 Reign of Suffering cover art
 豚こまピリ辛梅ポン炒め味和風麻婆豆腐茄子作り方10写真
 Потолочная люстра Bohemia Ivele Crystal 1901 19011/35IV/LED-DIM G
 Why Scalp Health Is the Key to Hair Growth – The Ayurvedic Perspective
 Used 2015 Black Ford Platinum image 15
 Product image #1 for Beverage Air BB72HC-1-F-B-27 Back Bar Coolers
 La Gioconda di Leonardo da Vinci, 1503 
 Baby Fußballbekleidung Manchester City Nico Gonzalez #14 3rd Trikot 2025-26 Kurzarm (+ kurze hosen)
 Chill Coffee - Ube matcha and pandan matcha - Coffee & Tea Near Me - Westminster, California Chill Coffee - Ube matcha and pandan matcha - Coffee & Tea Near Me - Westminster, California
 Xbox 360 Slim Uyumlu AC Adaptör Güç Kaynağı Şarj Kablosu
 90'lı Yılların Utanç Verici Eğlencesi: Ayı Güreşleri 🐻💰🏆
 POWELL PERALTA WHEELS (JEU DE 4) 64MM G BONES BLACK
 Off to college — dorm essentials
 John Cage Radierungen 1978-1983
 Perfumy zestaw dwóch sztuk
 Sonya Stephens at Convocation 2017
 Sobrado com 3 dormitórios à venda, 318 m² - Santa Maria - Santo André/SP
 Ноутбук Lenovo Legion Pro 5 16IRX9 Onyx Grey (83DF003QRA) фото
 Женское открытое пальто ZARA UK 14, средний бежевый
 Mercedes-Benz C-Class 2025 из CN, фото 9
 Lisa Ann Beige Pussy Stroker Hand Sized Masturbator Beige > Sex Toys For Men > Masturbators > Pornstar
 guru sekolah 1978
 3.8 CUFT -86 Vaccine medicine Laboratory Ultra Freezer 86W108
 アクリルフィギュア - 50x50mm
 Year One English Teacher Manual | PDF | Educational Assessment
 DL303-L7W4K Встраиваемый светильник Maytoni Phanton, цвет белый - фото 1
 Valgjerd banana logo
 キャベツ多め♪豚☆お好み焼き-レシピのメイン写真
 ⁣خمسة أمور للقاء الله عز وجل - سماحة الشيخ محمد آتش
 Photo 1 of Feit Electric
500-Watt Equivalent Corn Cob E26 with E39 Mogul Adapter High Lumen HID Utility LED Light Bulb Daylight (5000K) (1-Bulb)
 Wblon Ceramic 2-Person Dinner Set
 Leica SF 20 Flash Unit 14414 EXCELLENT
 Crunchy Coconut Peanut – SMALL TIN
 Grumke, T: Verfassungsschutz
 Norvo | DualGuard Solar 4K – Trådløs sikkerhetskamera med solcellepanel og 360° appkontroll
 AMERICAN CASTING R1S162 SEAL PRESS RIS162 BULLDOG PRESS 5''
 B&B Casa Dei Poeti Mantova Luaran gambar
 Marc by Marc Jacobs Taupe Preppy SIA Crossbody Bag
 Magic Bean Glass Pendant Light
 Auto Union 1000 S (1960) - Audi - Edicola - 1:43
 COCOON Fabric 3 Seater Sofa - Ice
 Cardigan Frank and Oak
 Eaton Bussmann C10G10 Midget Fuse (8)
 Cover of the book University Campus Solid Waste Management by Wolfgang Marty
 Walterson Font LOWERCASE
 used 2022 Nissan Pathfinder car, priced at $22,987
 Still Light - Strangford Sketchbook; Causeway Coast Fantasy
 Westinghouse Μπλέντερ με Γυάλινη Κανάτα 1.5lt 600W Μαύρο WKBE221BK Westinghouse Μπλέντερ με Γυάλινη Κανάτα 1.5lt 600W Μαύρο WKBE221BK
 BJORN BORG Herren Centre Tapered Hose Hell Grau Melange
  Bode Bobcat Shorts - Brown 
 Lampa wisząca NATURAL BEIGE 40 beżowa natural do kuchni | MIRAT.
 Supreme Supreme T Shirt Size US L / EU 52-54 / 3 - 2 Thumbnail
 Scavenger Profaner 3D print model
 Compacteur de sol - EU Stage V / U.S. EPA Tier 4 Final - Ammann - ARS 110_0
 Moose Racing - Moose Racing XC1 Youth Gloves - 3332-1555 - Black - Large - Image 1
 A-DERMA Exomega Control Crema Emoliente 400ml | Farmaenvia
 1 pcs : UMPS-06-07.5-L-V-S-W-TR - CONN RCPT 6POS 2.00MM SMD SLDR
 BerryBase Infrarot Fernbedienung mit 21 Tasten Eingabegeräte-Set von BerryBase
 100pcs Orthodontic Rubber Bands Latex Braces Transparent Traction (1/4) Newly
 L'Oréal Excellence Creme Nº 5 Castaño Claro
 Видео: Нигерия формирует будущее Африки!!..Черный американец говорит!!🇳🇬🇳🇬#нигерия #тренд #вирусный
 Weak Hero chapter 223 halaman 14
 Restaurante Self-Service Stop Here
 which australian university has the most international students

* * *

— TASK DETAILS —
Return, unchanged, the run of lines above that opens with the line containing "Cardigan Frank and Oak" and closes with the line containing "used 2022 Nissan". Include both.

— TASK SOLUTION —
 Cardigan Frank and Oak
 Eaton Bussmann C10G10 Midget Fuse (8)
 Cover of the book University Campus Solid Waste Management by Wolfgang Marty
 Walterson Font LOWERCASE
 used 2022 Nissan Pathfinder car, priced at $22,987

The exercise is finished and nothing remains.